Mark D. Bright 1955-2024 (Part One)

I am terribly sad to learn that Mark D. Bright has died. I will have more to say later this year or in 2025, but for now, I’ll send out some positive vibes to his family and friends, and reflect on my favorite artist in or out of comics.

The first comic book I ever bought with my own money featured a Mark Bright cover and Mark Bright interior art. I didn’t realize how well he drew everything, like weird toy vehicles, villains with capes, municipal stairs, swords; or how clear his storytelling was with high angles and low angles and everything in between. To this novice, it was just cool and pretty. Had anyone else drawn that issue, I may not have purchased it! Within a few months I’d decided, without realizing it, that I would follow him anywhere. His departure from G.I. Joe was a blow, but Green Lantern, and then Valor, and Icon, and Quantum and Woody followed, and they were all great. I was always excited by and careful to grab any and all fill-ins and side projects, like that one issue of Superman: The Man of Steel, or that second half of the Predator 2 movie adaptation. Or that fill-in of Firebrand, a DC title few remember. Or that Aquaman Annual. And hunting for back issues, scattered work Mark had done from before I read comics, like that 1982 issue of Avengers. And after all of that and more, he added another kind of credit to his name, as a year into Milestone, Mark started writing comics, too.

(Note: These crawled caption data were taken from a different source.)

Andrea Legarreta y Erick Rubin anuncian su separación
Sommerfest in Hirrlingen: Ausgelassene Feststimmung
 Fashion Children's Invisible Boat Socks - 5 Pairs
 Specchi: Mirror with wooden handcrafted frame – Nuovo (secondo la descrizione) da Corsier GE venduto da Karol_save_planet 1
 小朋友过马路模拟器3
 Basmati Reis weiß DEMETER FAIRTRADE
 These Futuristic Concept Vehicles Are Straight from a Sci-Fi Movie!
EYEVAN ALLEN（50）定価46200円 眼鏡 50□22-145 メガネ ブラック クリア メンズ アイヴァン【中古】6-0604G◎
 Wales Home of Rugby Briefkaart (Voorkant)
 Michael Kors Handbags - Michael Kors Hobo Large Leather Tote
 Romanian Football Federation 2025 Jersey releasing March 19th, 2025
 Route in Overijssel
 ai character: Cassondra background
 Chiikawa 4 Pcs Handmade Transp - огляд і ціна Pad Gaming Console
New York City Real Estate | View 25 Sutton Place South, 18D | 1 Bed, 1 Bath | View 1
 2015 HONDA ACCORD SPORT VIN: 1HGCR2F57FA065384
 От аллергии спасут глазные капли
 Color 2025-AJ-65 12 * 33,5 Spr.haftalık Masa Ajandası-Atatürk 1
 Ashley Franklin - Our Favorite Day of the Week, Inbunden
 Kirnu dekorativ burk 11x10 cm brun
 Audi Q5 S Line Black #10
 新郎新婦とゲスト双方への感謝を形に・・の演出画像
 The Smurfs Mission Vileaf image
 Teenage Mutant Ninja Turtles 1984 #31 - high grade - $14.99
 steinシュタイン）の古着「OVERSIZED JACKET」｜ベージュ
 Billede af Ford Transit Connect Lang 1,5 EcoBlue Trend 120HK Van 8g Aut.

And all along he’d played music, a whole part of his life that comics fans didn’t know! I never experienced that firsthand, although the writer (and music producer) Priest has posted some at that well-known news and rumor site, and Larry Hama’s YouTube page has some live clips from the early ’90s.

I’ve always thought Mark Bright’s artwork resembled a mix of John Byrne and Neal Adams. There’s something about the warmth of his eyes and the bulbous shapes of his musculature that reminds me of those two artists. I’m less attuned at picking storytelling lineage, but surely there’s Kirby in there, right? Foreshortened arms and energy blasts, and well, Kirby crackle? But looking at the sci-fi book covers that Mark painted, I have to wonder how John Berkey gets mixed in. And examining how well he drew vehicles, I start to think of automotive design, a realm about which I know nothing. Was Mark a Syd Mead fan? I mean, everyone for two decades was a Syd Mead fan, but was Mark specifically one? His website is pretty comprehensive, he might even specify. It’s a little hard to click over there now, emotionally, but I will again soon. Wonder if Mark Bright was an influence on anyone who drew comics after him? To my eye, the answer is yes.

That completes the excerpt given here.